In March 2013, it was announced that new cast members have joined series four: Tom Cullen as Lord Anthony Gillingham, an old childhood friend of Mary whom she hasn't seen in years; actor Nigel Harman as Gillingham's valet Green; Dame Harriet Walter as Violet's friend Lady Shackleton; Dame Kiri Te Kanawa, who will play the Australian opera singer, Nellie Melba who is a house guest; Joanna David, who will guest star as the Duchess of Yeovil; and Julian Ovenden as the aristocrat Charles Blake. Returning to the series four in the 2013 Christmas episode will be Shirley MacLaine, who will reprise her role as Cora's mother, Martha Levinson, and Paul Giamatti has been cast as her son and Lady Grantham's brother, Harold. The show's first black character will be introduced: a jazz musician and singer from Chicago named Jack Ross. Ross, who will ignite some race-related controversy, will be portrayed by Gary Carr. Daisy Lewis will portray a nanny for the children, James Fox will play Sir John Bullock, and Raquel Cassidy will portray a new lady's maid named Baxter. Brendan Patricks will return to the show as Evelyn Napier. Christine Carty will play writer Virginia Woolf, only the second 'real life' character in the series, at a Bloomsbury Group party attended by Edith.
Actress Siobhan Finneran, who played lady's maid Sarah O'Brien, will not be returning in series four. A rep for the ITV series has confirmed the departure, but said that the character would not be killed off and could return in the future.
The relationship between lady's maid Anna and valet Mr Bates may also face difficulties with actress Joanne Froggatt quoted as saying 'There is another upset on the cards...I mean its lovely to play being in love but it's great to play the drama as well.'

Can't wait!


----------



## Not Here Anymore (May 16, 2012)

Agh...Jan is such a long wait. I wish they coordinated the airings of the season. 

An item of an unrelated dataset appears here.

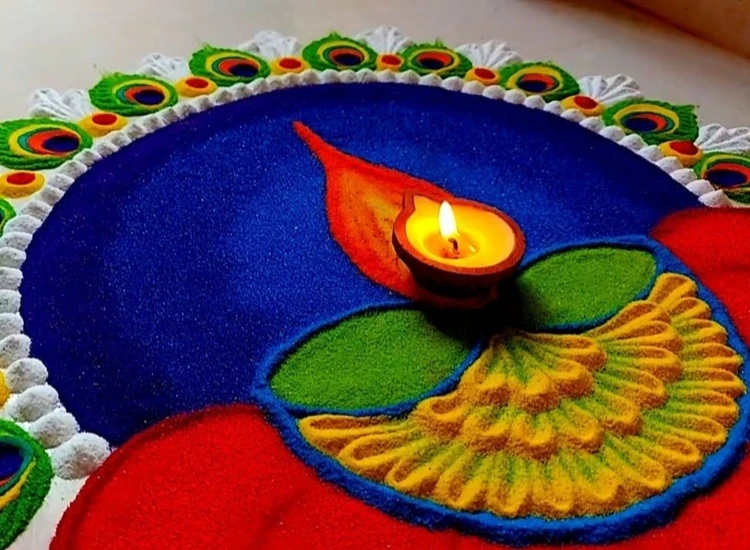 16 .You Tube Colorful rangoli pattern with glowing diyas arranged artfully, creating a welcoming ambiance for Diwali.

Out of curiosity, is there any reason they couldn't? Is it just tradition to have different debut dates in different countries?


----------



## Bec (Aug 24, 2012)

Ohhh, can't wait!!


----------



## mlewis78 (Apr 19, 2009)

Sara, all of the British shows that we get are delayed.  We are currently seeing Foyle's War on Sundays at 9pm that showed in the U.K. back in May.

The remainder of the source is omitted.